Çok disiplinli ve uluslararası bir araştırma projesi, Orta Avrupa'da MS 4. yüzyılın sonu ile 6. yüzyılın başı arasında Hun imparatorluğu döneminde ve sonrasında yaşayan nüfusların kökenleri ve çeşitliliğine ışık tutmaya çalışıyor.

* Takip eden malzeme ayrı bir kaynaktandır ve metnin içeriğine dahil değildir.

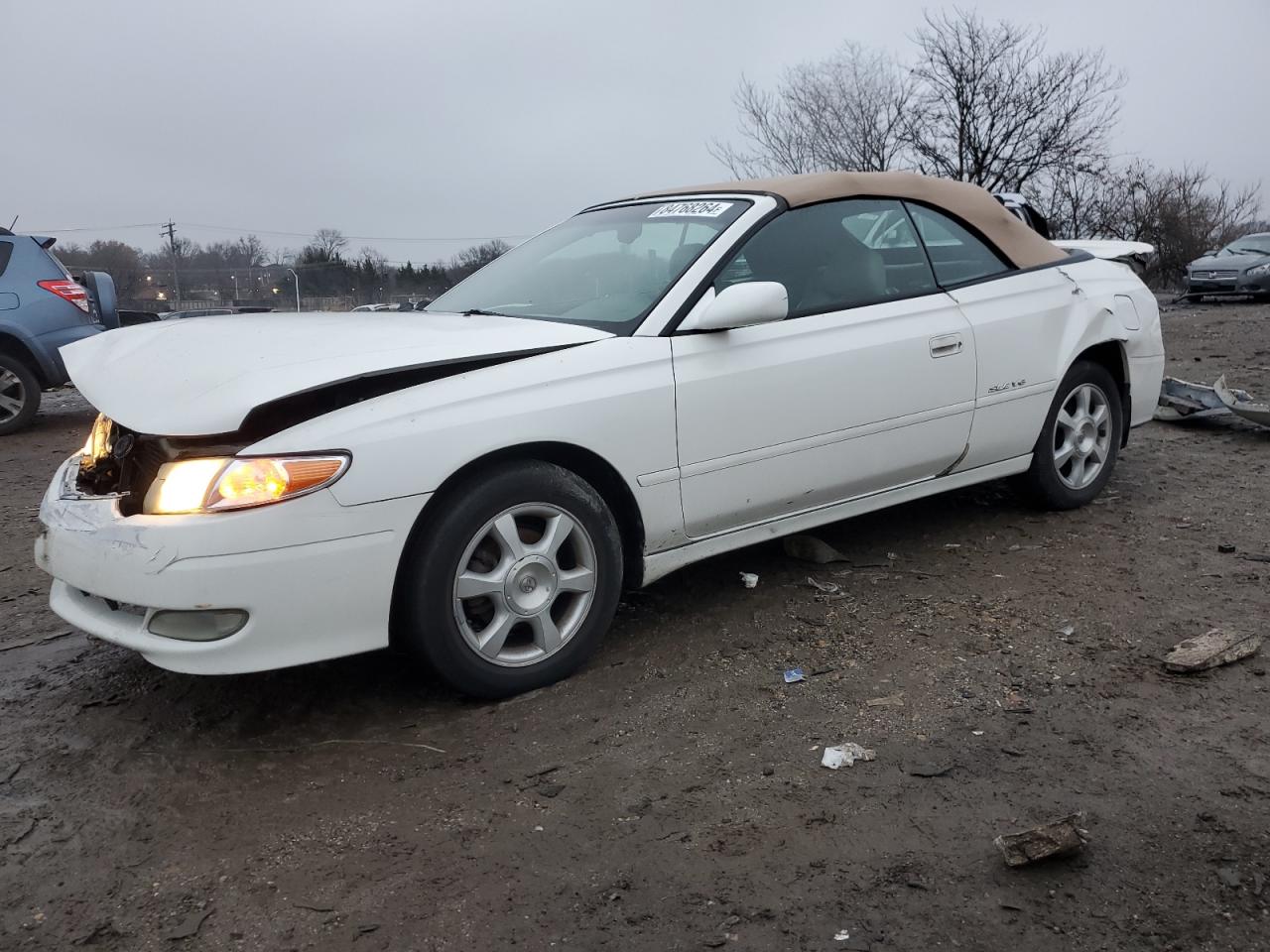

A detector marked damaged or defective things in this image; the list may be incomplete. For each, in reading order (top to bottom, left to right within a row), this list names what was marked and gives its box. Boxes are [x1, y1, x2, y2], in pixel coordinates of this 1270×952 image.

damaged front bumper [35, 456, 429, 674]
exposed headlight housing [145, 454, 347, 515] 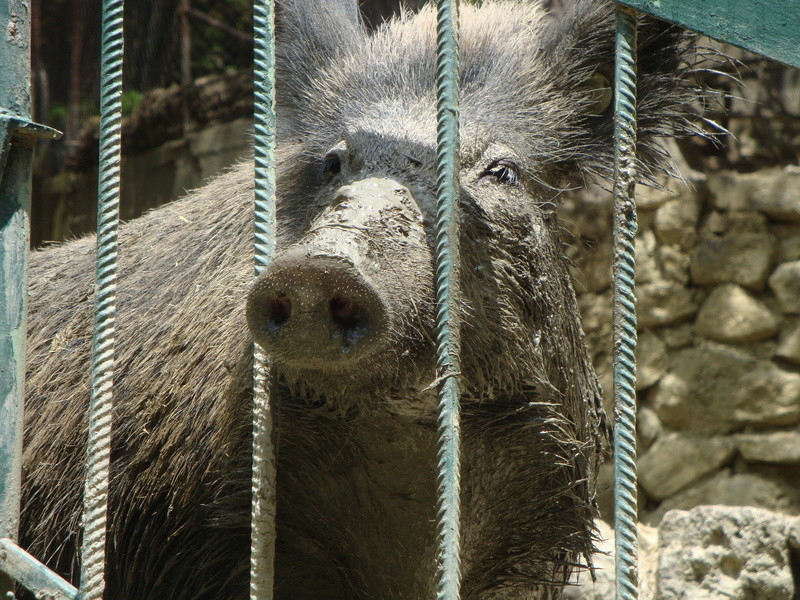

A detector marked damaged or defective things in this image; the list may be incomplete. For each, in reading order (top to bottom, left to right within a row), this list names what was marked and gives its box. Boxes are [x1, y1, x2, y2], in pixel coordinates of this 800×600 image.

rusted metal bracket [0, 540, 80, 600] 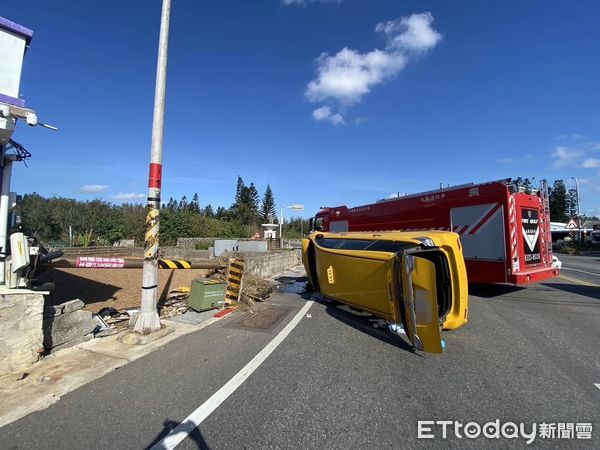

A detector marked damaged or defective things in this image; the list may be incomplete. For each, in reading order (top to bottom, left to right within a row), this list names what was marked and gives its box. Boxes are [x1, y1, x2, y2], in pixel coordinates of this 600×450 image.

broken concrete block [42, 312, 96, 350]
overturned yellow taxi [304, 232, 468, 356] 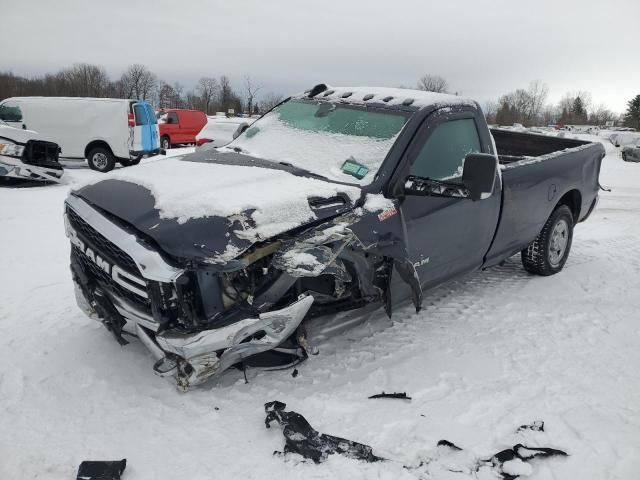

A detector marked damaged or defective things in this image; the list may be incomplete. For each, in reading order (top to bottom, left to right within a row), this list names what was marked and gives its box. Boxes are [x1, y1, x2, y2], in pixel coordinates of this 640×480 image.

crushed front bumper [74, 282, 314, 390]
damaged pickup truck [65, 84, 604, 388]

Hun Diyarında çok ilginç araştırmalar yapıyor. Arkeogenomik analizleri arkeolojik ve tarihi araştırmalarla birleştiren çalışma, Avrupa Hun dönemi bireylerinden bazılarını doğrudan daha önceki Xiongnu İmparatorluğu'nun yüksek statülü elitlerine bağlıyor. Bu imparatorluk, Hunların Karadeniz'in kuzeyinde ve batısında ortaya çıkmasından yüzyıllar önce Moğol bozkırlarında merkezlenmiş güçlü bir göçebe imparatorluktu. Ayrıca, Hun dönemi bireylerinin yalnızca birkaçının Doğu Asya kökenli olduğu ve Hun dönemine yeni gelenlerin oldukça karışık kökenli olduğu görülüyor.

Hunlar 370'lerde aniden Avrupa'da ortaya çıkıyor ve Avrupa'nın en etkili ancak kısa ömürlü imparatorluklarından birini kuruyorlar. Bilim insanları Hunların Xiongnu'dan gelip gelmediğini uzun zamandır tartışıyor.

Araştırmacılar, MÖ 2. yüzyıldan MS 6. yüzyıla kadar yaklaşık 800 yıl süren tarihsel dönemlerde yaşamış 370 kişinin DNA'sını analiz etmişler ve Moğol bozkırındaki, Orta Asya'daki ve Orta Avrupa'daki Karpat Havzası'ndaki yerlerden elde ettikleri örnekleri değerlendirmişler.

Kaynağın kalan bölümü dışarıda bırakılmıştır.